Di penghujung tahun 2009, rakyat Indonesia kehilangan tokoh politik yang selalu mengundang kontroversi, baik dalam pemikiran, peran, dan kiprahnya di dunia Islam.
Ketika tahun 2008, yang lalu, Presiden Israel Shimon Peres mengundang tokoh terkemuka dari seluruh dunia untuk memperingati 60 tahun lahirnya negara Israel. Diantara tokoh yang diundang dalam sebuah konferensi itu, seperti Presiden Amerika Serikat George Bush, Barbra Streisand, Tony Blair, Mikhail Gorbachev, Rupert Murdoch, termasuk di dalamnya mantan Presiden Abdurrahman Wahid, yang memberikan konfirmasi hadir dalam konferensi itu.
Undangan terhadap Abdurrahman Wahid oleh Presiden Shimon Peres itu, hanyalah menggambarkan betapa pentingnya tokoh ini di mata pemimpin Israel seperti Shimon Peres. Wahid oleh Peres diletakkan posisinya sejajar dengan para pemimpin dunia, seperti George Bush, Tony Blair, Mikhail Gorbachev, dan Henry Kissinger, yang pernah menjadi Menlu AS. Tentu, mereka yang mendapatkan undangan Peres itu, bukan tokoh sembarangan di mata pemimpin Israel, khususnya komitment mereka dalam membela dan melindungi kepentingan Israel.
Wahid dianggap sebagai tokoh Islam, dan mewakili negara yang mayoritas penduduknya yang berjumlah 240 juta jiwa, 90 persen beragama Islam, dan mempunyai pandangan yang positip terhadap Israel, bagi Shimon Peres, itu sebagai asset, yang harus tetap dijaga hubungan itu. Tak salah bila Peres mengundang salah satu tokoh yang akan berbicara dalam konferensi itu, mewakili komunitas muslim terbesar di dunia. Kehadiran Abdurrahman Wahid akan menciptakan sebuah iklim politik yang luas, bahwa Israel dapat diterima dikalangan bangsa-bangsa Islam.

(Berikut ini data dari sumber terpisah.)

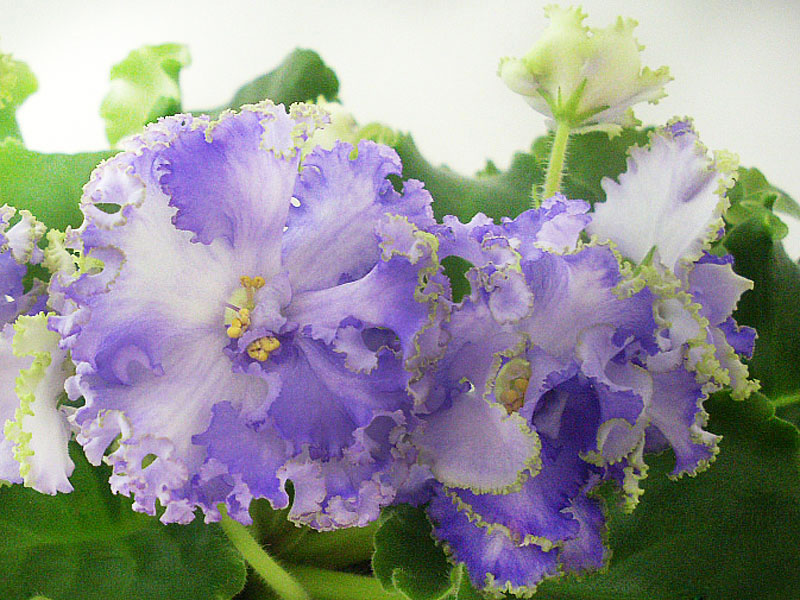 Ален-Electric Blue.jpg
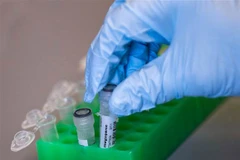 Ảnh minh họa. (Nguồn: TTXVN)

Lalu, konferensi yang digagas itu, mengambil fokus pada peranan bangsa Yahudi dan Israel dalam sumbangannya pada kemanusiaan. “Kami akan melibatkan 10 presiden dari berbagai negara, enam mantan presiden, para menteri, dan para perdana menteri, ilmuwan, philosofis, dan artis”, ucap Peres kepada AP. Tak mustahil kehadiran Abdurrahman Wahid, karena tokoh yang pernah menjadi presiden Indonesia ini mempunyai hubungan yang dekat dengan Shimon Peres, dan ia menjadi anggota Institute Shimon Peres.

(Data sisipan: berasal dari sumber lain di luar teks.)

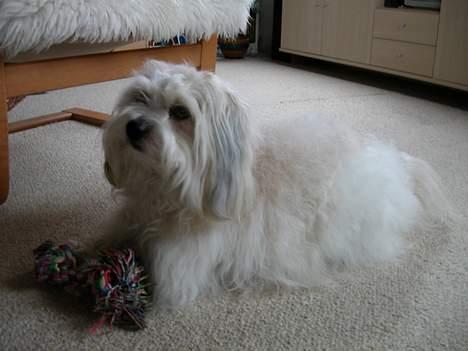 Coton de tulear Miki billede 4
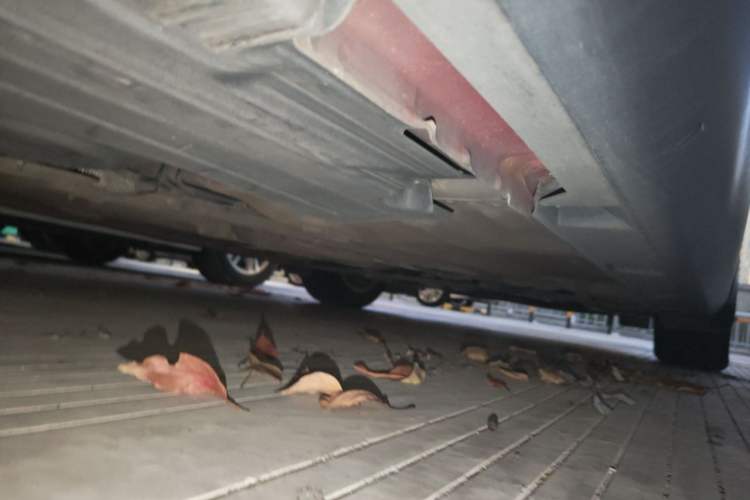 Used Ford Focus 2012 Hatchback 1.6L Automatic Comfort Model Chassis Rear Right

Tujuan konferensi yang diselenggarakan waktu itu, tak lain, mengangkat citra Israel, bersamaan dengan hari ulang tahun berdirinya negara Zionis-Israel, yang ke 60. Acara peringatan 60 tahun Israel, di isi dengan konferensi, konsert, peringatan holocaust, workshop tentang koeksistensi damai antara Arab-Israel. Meskipun, itu tidak mudah mengubah pandangan masyarakat dunia terhadap Israel, karena kejahatan dan penjajahan sudah melekat dan menjadi ideologi Israel.
Konferensi yang berlangsung tanggal 13-15 Mei 2008 itu, dihadiri Presiden Amerika George Bush, Barbra Streisand, dan penyanyi lagu religi Yahudi, Avinu Malkeinu – Our Father King – yang banyak menyita perhatian yang hadhir.
Memang yang hadir dalam konferensi itu, 2.000 tokoh Yahudi dari seluruh pelosok jagad. Tokoh yang memberikan konfirmasi hadir, seperti Henry Kissinger, Elie Wiesel, mantan Presiden Indonesia Abdurrahman Wahid, mantan Presiden Czeh Vaclav Havel, Profesor Harvad Alan Dershowitz, pendiri Google Sergey Brin, pendiri Facebook Mark Zuckerman, pemimpin Ratan Tata India – Ratan Tata, milyader Amerika Sheldon Adelson. Semuanya tak lain tokoh-tokoh Yahudi, yang sudah mempunyai peranan penting dalam kehidupan kaum Yahudi secara global.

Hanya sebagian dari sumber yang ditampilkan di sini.